Bir varsayımdan yola çıkarak, eğer, diyor Woolf, o dönemde Shakespeare'in kendisi ile aynı zekaya, yeteneğe ve imkanlara sahip bir kız kardeşi olsa ne olurdu? Hepimizin çok iyi bildiği bir cevaba Judith'in doğduğu günden itibaren karşılaştığı ayrımcılıklarla ulaşıyoruz. Judith, hiçbir zaman ağabeyi gibi Virgil veya Horace okuyamıyor, ağabeyinin gönderildiği okullar ancak rüyalarında karşılaştığı yerler olarak kalıyor. Judith, toplum tarafından babasının el bebek gül bebek şeklinde büyüttüğü, bireyselliğini kanıtlayamamış bir makineye dönüştürülüyor. Ve en sonunda hayallerinin peşinden gitmek için toplumun kanıksadığı değerleri yıkarak, evden kaçıyor ve bilindik senaryo, ölüyor. Başka bir örnek verecek olursak, Agnes Varda'nın Vagabond (Çatısız Kuralsız) adlı filminde, Mona, kadına yüklenmiş değerleri reddettiği, stereotip kadına antitez oluşturan özgün kişiliği ve özgür bir kadın olması sebebiyle toplumun hiçbir zaman kabul etmediği veya edemeyeceği bir karakter olarak ölüme mahkum ediliyor filmin sonunda. Bu, herhangi bir ülkenin sınırlarına dahil edilemeyecek kadar evrensel bir mesele, kadın hiçbir zaman, hiçbir yerde birinin "karısı" veya birinin "anası" olmaktan öteye gidemiyor. Bu rollerin dışına çıkınca da ölüm emri kaçınılmaz oluyor. Peki sadece "kadın olmak" ölmek veya öldürülmek için yeterli bir sebep mi? Sorular yanıtsız, failler ise haklı kalıyor her daim. Sistem böyle işliyor sanki. Susmak işe yaramıyor, çığlık attığımız zaman ise sanki bomboş bir odadaymışçasına kendi sesimizi daha derinden duyup, ürküyoruz. Kapılar kapalı. Ülkenin yalıtımı o kadar sağlam ki duymuyor bile sesimizi. Zaten duymamak için o yalıtımı yaptırmış sanki. Her korkak gibi tedbirli.

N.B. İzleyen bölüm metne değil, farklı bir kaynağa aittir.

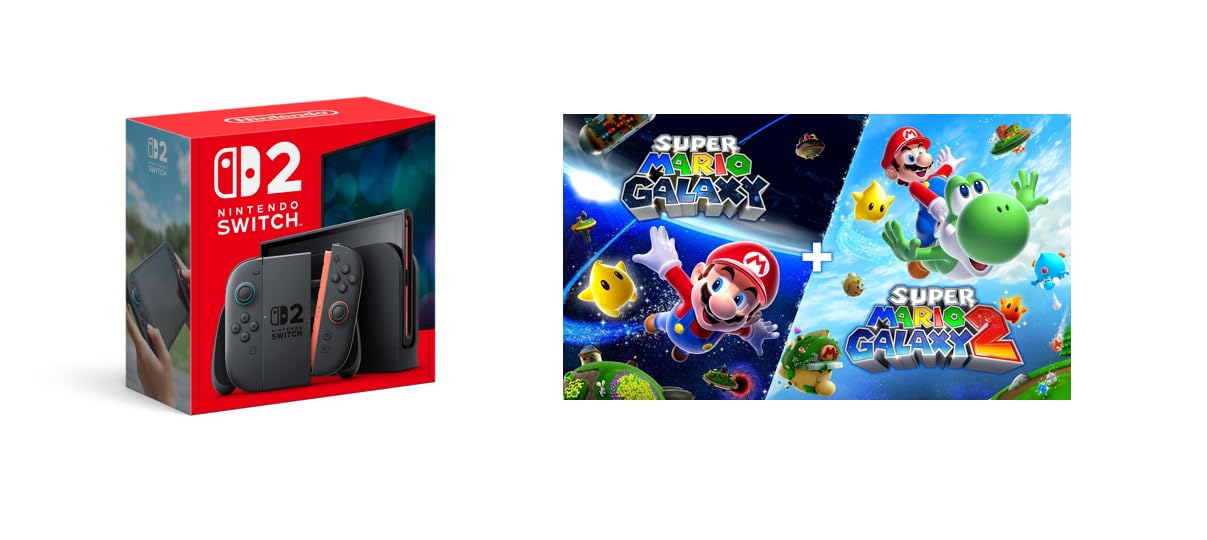 Nintendo Switch 2 System with Mario Kart World Game Bundle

Sonra bir gün bir kadın "kadın cinayetlerine ve kadına yönelik şiddete" karşı bir çığlık atarak, kapalılığı kanıksanmış o kapıyı açıyor. Melek Özman, yapımcılığını Filmmor Kadın Kooperatifi'nin üstlendiği, Aynur Doğan'ın "Dotmamê", Feryal Öney'in "Hayat Benimdir", Fulya Özlem'in Meral'e "Ağıt", Neslihan Engin'in "Nazo", Rojin'in "Mirin" ve Sezen Aksu'nun da "Ünzile" şarkısıyla katkıda bulunduğu, Meral'in annesinin ise hala dinmeyen gözyaşlarıyla içini döktüğü, kadının her zaman ötekileştirilmesinin farz sayıldığı ağzı, gözü ve kulağı kapalı bu sisteme karşı oluşturulan kolektif bir haykırış niteliğine sahip bir kadın cinayeti belgeseli yaratıyor. Kızının bir daha gelmeyeceğini bilen anne, kendi kızı gibi başka kadınların da öldürülmemesi için Van Kadın Derneği'ne başvurarak, Melek Özman'a ulaşıyor ve ortak bir davayla hep birlikte küçük de olsa bir mücadeleye başlıyorlar. Hani Meral, bir belgesel olarak istatistiklere odaklanmıyor ve cinayeti başka bir kadın cinayetiyle karşılaştırma gereksinimi duymuyor, daha çok annenin bitmek bilmeyen acısına vurgu yapıyor. Tek bir canın istatistiklerden daha önemli olduğunu söyleyen Melek Özman, belgesel süresince anneyle yaptığı röportajın arasına Meral için yakılmış ağıtları özenle serpiştirerek, filmi Lorca'nın kaleminden dökülen bir ağıda dönüştürüyor.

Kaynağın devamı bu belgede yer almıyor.